* _DIRECTIONS_
Leaving the pictures aside, repeat every line below exactly.

* _DATASET EXCERPTS_

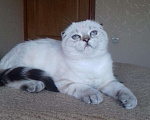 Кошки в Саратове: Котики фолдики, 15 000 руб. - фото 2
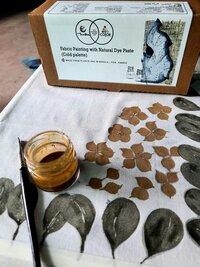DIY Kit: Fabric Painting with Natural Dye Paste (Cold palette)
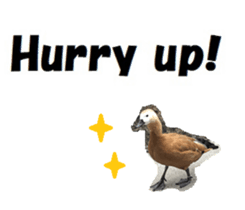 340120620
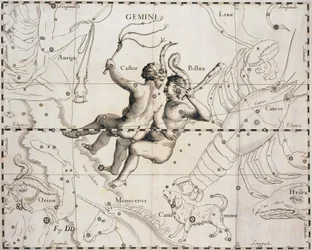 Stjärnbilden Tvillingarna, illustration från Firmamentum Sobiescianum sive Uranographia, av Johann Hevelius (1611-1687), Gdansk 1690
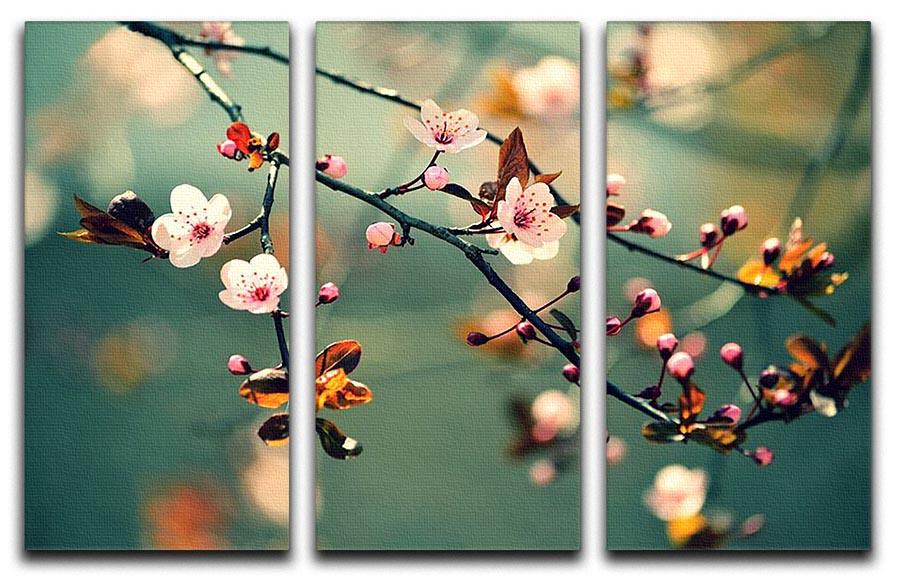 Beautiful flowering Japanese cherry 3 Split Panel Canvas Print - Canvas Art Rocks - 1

* _YOUR RESPONSE_
 Кошки в Саратове: Котики фолдики, 15 000 руб. - фото 2
DIY Kit: Fabric Painting with Natural Dye Paste (Cold palette)
 340120620
 Stjärnbilden Tvillingarna, illustration från Firmamentum Sobiescianum sive Uranographia, av Johann Hevelius (1611-1687), Gdansk 1690
 Beautiful flowering Japanese cherry 3 Split Panel Canvas Print - Canvas Art Rocks - 1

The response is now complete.